<<<<

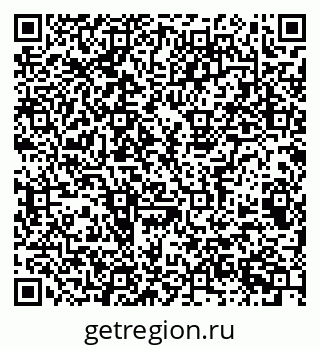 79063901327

>>>>
<<<<

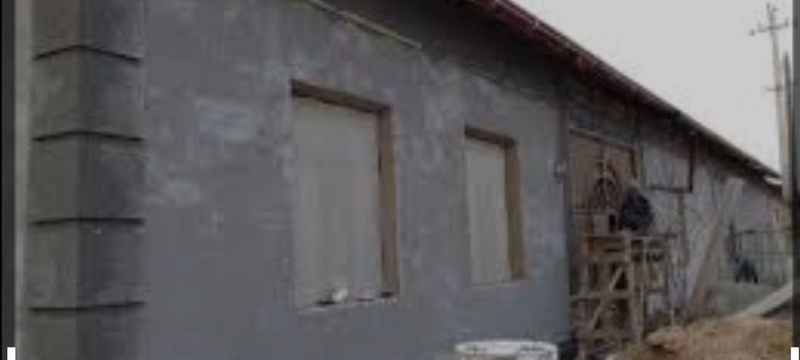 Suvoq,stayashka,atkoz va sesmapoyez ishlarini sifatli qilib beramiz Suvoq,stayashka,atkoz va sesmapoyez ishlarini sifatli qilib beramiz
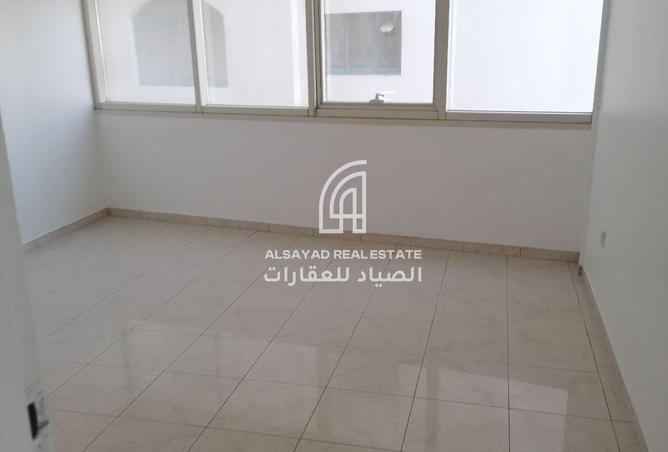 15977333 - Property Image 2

>>>>

INSTRUCTIONS TO FOLLOW: Quote the lines above exactly, starting with the one that has "qilib beramiz Suvoq,stayashka,atkoz" and ending with the one that has "15977333 - Property Image 2"; drop the pictures and include nothing else.

TASK SOLUTION:
 Suvoq,stayashka,atkoz va sesmapoyez ishlarini sifatli qilib beramiz Suvoq,stayashka,atkoz va sesmapoyez ishlarini sifatli qilib beramiz
 15977333 - Property Image 2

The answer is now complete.